Provided data
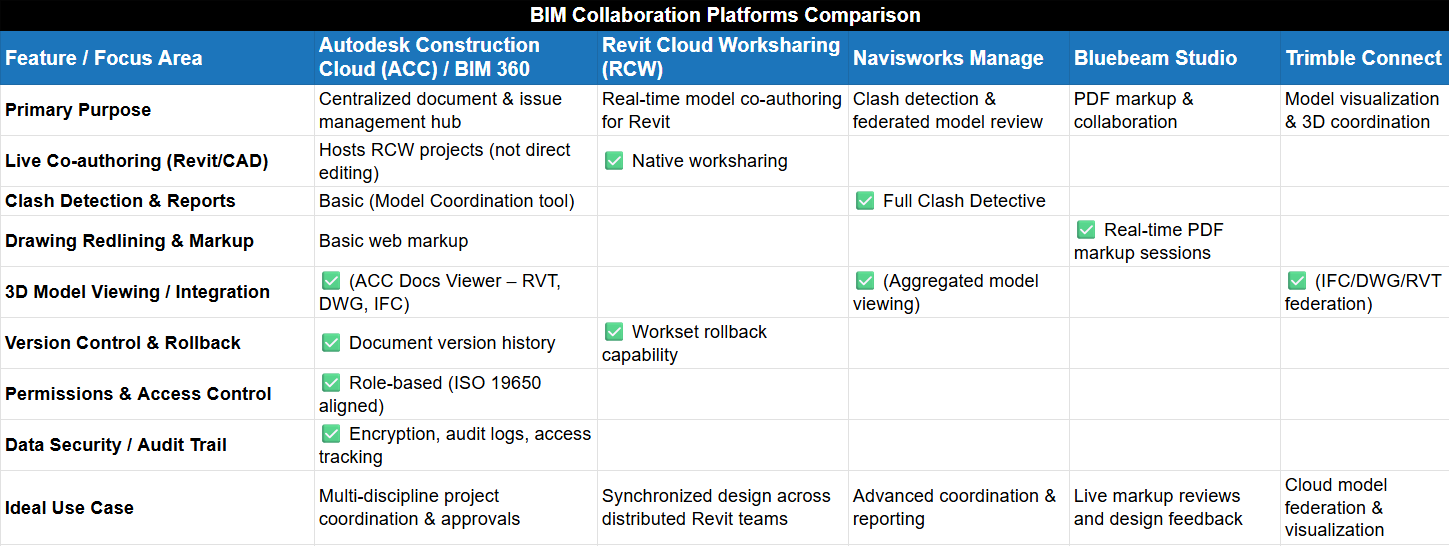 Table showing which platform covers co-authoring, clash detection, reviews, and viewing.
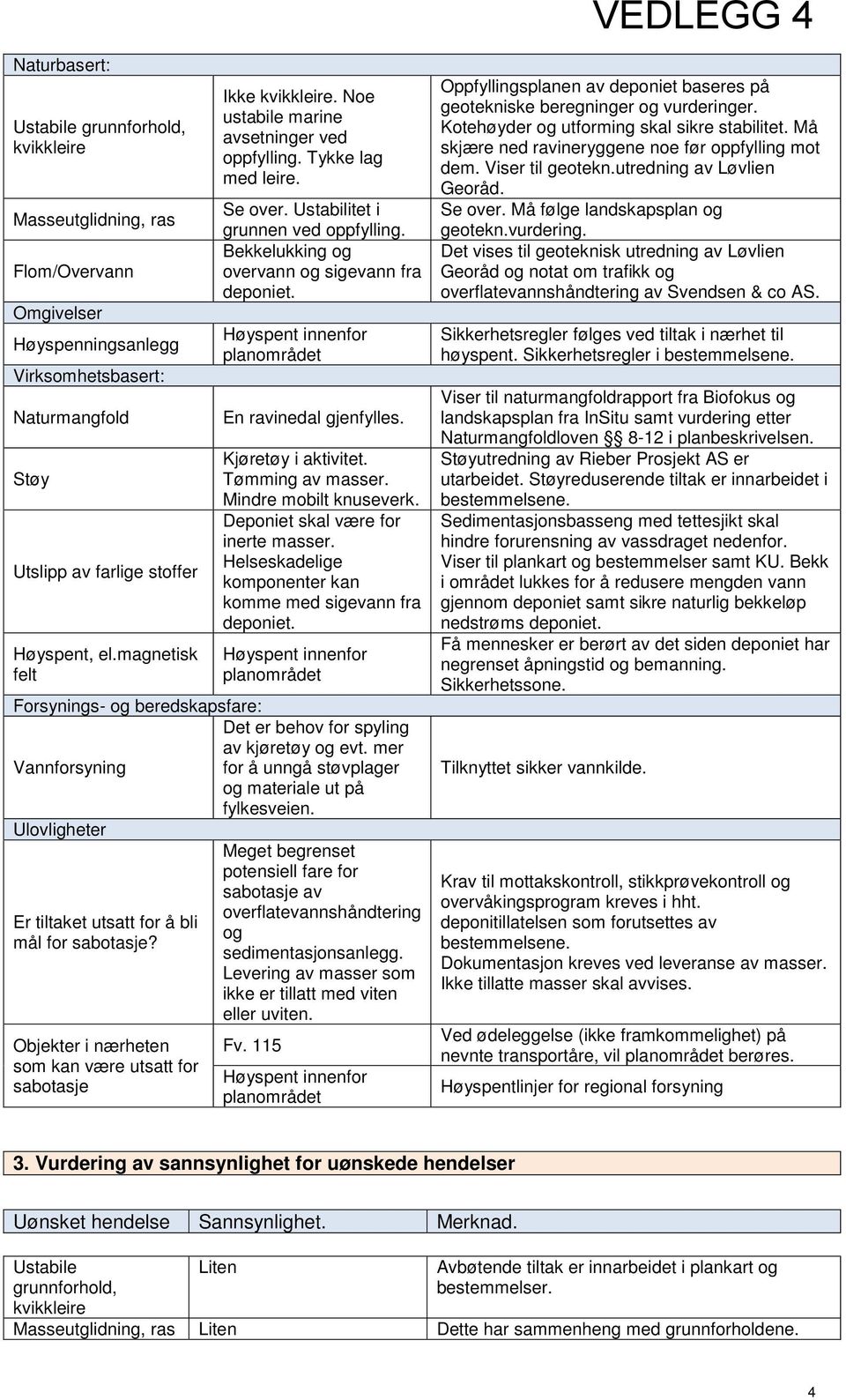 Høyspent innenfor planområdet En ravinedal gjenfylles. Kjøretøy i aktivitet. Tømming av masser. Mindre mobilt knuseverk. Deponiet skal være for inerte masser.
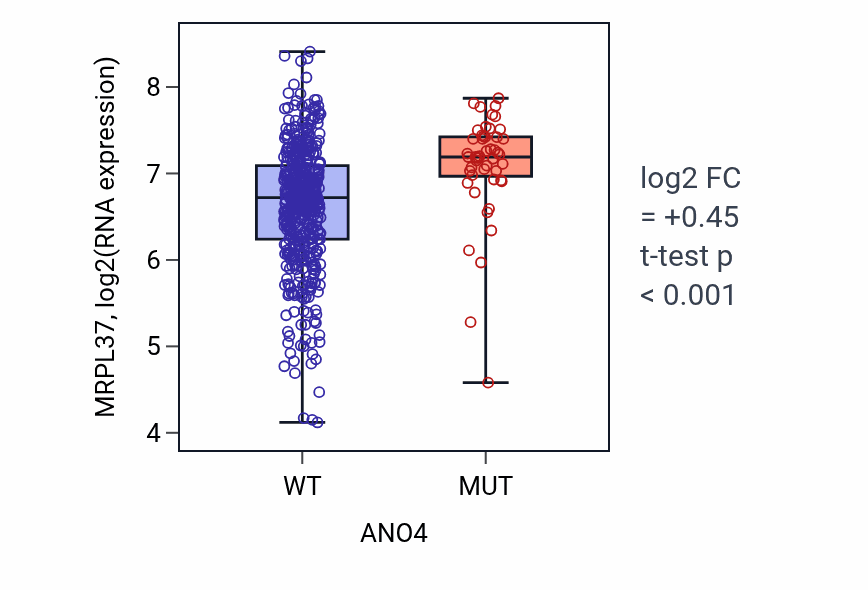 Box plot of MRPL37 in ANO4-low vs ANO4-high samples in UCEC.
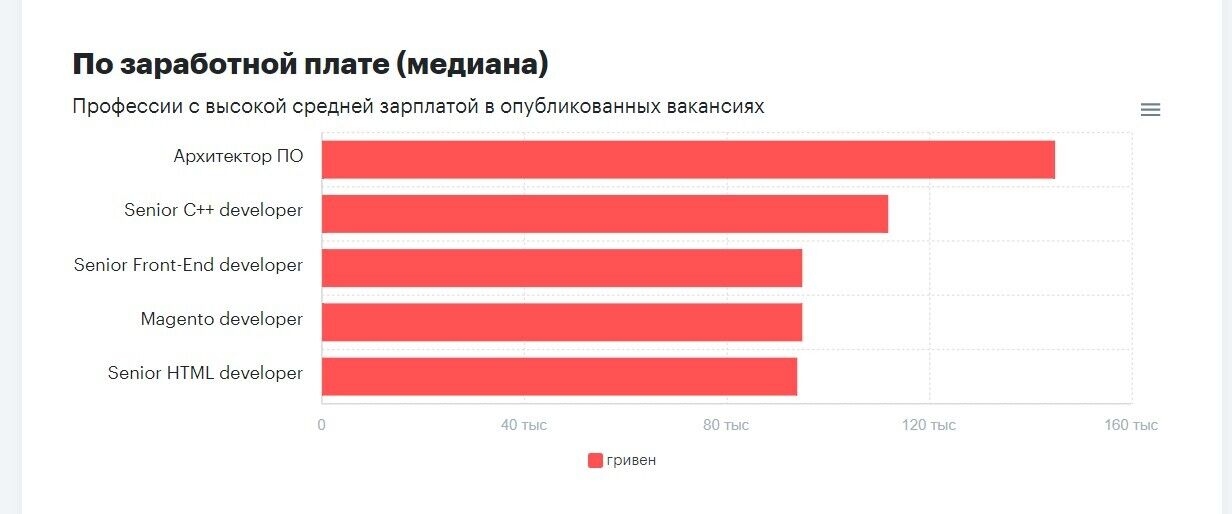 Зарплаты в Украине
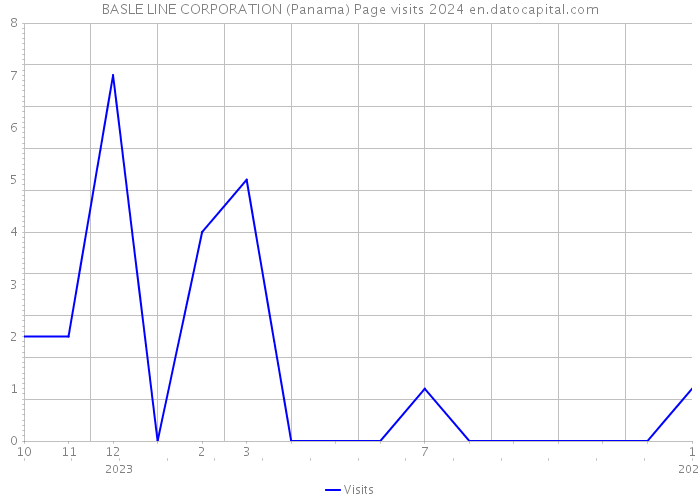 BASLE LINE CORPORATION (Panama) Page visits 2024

Exercise instructions
Retype only the lines that run from the first line of the entries above to the line containing "Høyspent innenfor planområdet", both included. Do not carry over any pictures.

Answer to this problem
 Table showing which platform covers co-authoring, clash detection, reviews, and viewing.
 Høyspent innenfor planområdet En ravinedal gjenfylles. Kjøretøy i aktivitet. Tømming av masser. Mindre mobilt knuseverk. Deponiet skal være for inerte masser.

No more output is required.